25 gramos, 114 calorías.

Turno del Fulbito de maní. Aquí podríamos, tranquilamente, exponer las razones por las cuales el Fulbito no es más alfajor que cualquier galletita: se asemeja más a una Duquesa que a un Jorgito. También podríamos poner el grito en el cielo por los millones de niños que cada tarde deben subsistir y, peor aún, desarrollar su cuerpo y su mente en base a esta golosina humildísima. Pero mejor, tal vez, será concentrarnos en la belleza pintoresca de un alfajor que en el relieve de su superficie representa los gajos de una pelota de fútbol.

Y digamos, también, ya en tono serio, que como galletita el Fulbito de maní tiene pocos o ningún defecto. La textura es implacable: muy pero muy crocante, húmeda, y para colmo la capa de maní, que ya ven, es generosa, no despierta aversiones ni mucho menos, a pesar de que claramente su sabor es lo que se dice muy básico. Pero déjenme aplaudir a sus dos galletas. Son magistrales; ni su sabor es grotesco ni su textura desagradable. Nada tienen que envidiarle a las de mejores marcas. Me sorprendieron.

Poco que agregar respecto del Fulbito con “relleno sabor chocolate” (ni dulce de leche ni mousse: sabor chocolate, señores). No bien la ambición se apodera de estas marcas y las hace aspirar a rellenos lujosos, por fuera de sus posibilidades, el resultado es lamentable.

21 gramos, 98 calorías.

Ahora depongamos un momento los prejuicios para admirar, sinceramente, el aspecto del Mogy. No se condice, en absoluto, con lo que esperaríamos de un envoltorio tan bobo. Más de uno caería en la trampa de tomarlo por alfajor de primera categoría si lo viera desnudo, sin ese paquete chillón.

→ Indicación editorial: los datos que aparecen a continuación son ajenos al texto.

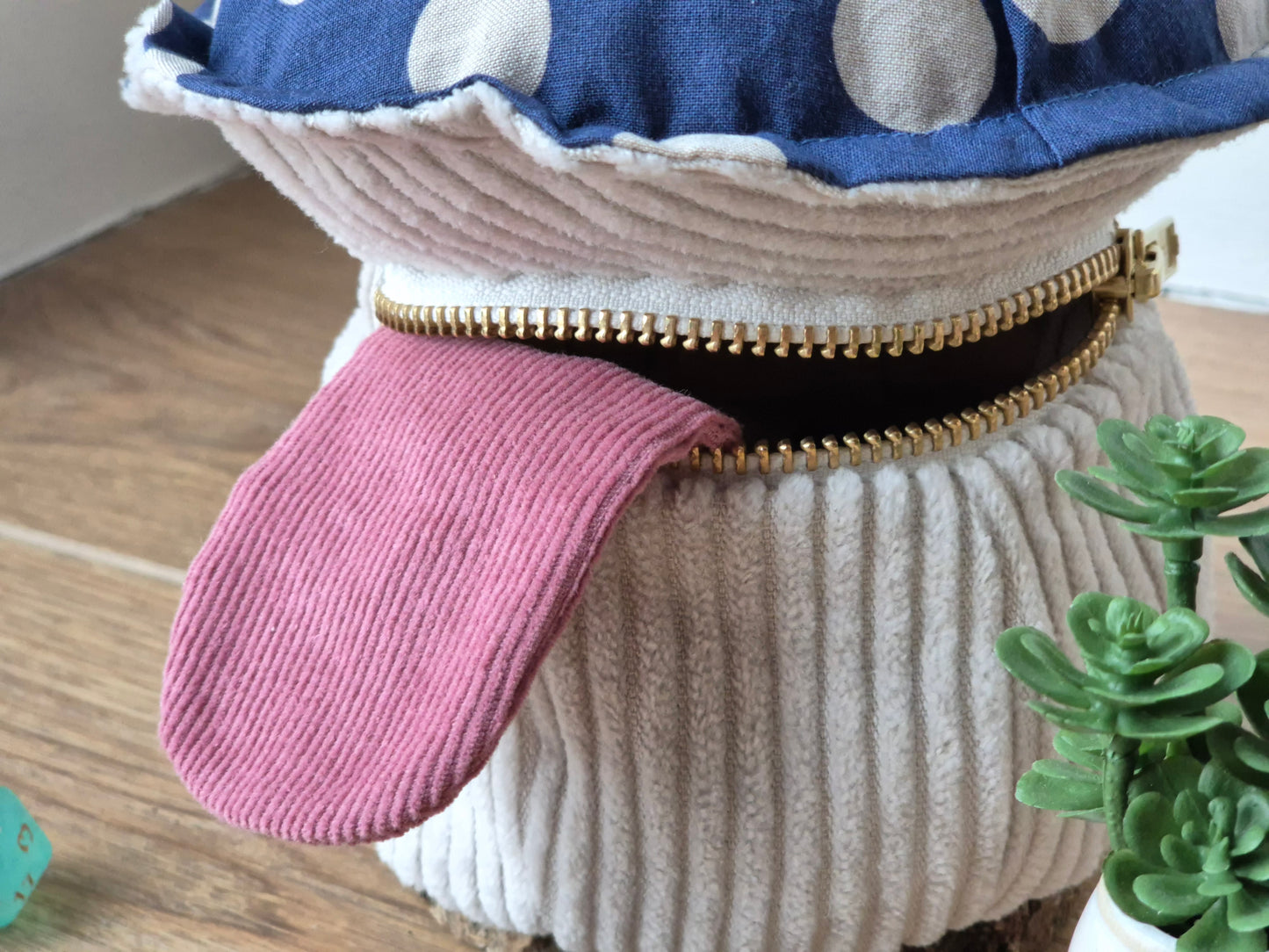 Handmade Mimic Mushroom Dice Bag - Blue With White Dots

Eso sí: rápidamente saldría de su desengaño cuando le echase una mirada a su interior, y creo que hasta llegaría a horrorizarse si, finalmente, decidiera probarlo. Porque es verdad: el Moggy es bastante feo. Su relleno es “a base de cacao” (otra imitación del mousse) y en su sabor prima la inconsistencia. Apenas se diferencia del “relleno sabor chocolate” del Fulbito, y esto no ha de sorprendernos, pues ambos alfajores son fabricados por la misma empresa: “CÍA. AMERICANA DE ALIMENTOS S.A.”. Debemos suponer, por lo tanto, que el Fulbito es la versión prémium. Maravilloso.

La cobertura, tan bien parecida, termina siendo una crema mantecosa de mala calidad y gusto a margarina. Por su parte la galleta, dura como la de los alfajores de mousse, es digna y muy crocante, pero el relleno resulta, a pesar de su textura más o menos correcta, dulzón y vaguísimo. Pequeños granos de sal al parecer mal fundidos destacan coronando una experiencia que esta vez es, sin matices, malísima.

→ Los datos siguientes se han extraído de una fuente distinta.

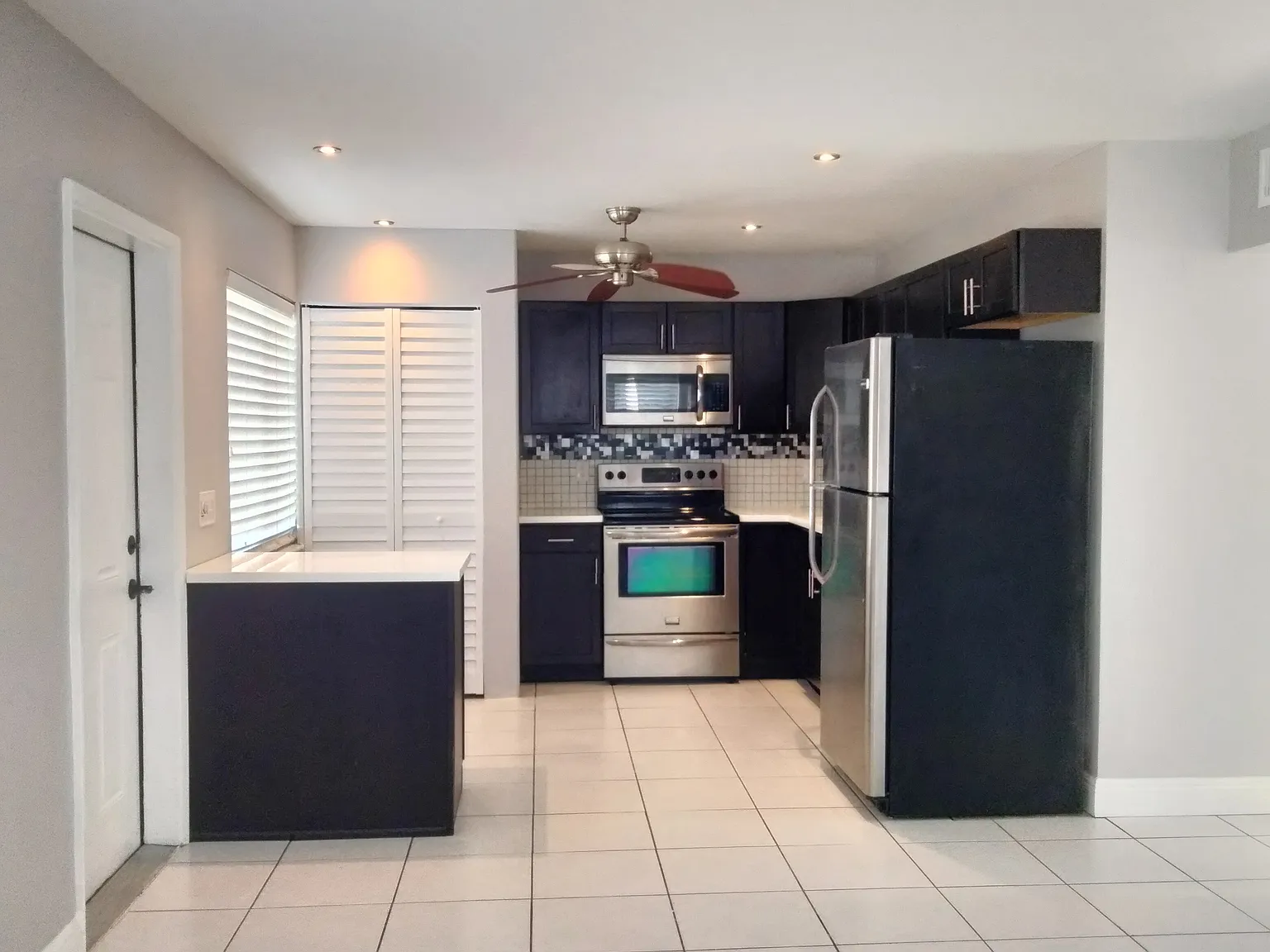 2 bed, 762 sqft, $2,150 — Photo 2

Ya habrán notado que todo lo que dije de la apariencia del Mogy negro no aplica para el Mogy blanco, cuya galleta superior parece haberse desplazado en el momento justo en que el baño de repostería petrificaba el alfajor, adquiriendo la forma Bubba Gump, como solemos decir.

Por suerte lo penoso de su apariencia se ve compensado (siendo muy generosos, porque una cabal compensación hubiera requerido el sabor y las proporciones de un Cachafaz) por la cobertura, cuyo dulzor no dista tanto de la del verdadero chocolate blanco, ratificando una vez más la premisa que señala que, por ser un alimento menos noble que el chocolate negro, elaborar una imitación aceptable es mucho más sencillo (otro buen ejemplo lo hallamos en el Alfapampa).

Así llegamos al fin de este viaje emocionante, quedando todavía un gran abismo por sondear. Es cierto: tal vez fustigué mi paladar, tal vez puse en juego mi salud, pero el amor con que nos recompensan los alfajores del submundo lo curará todo.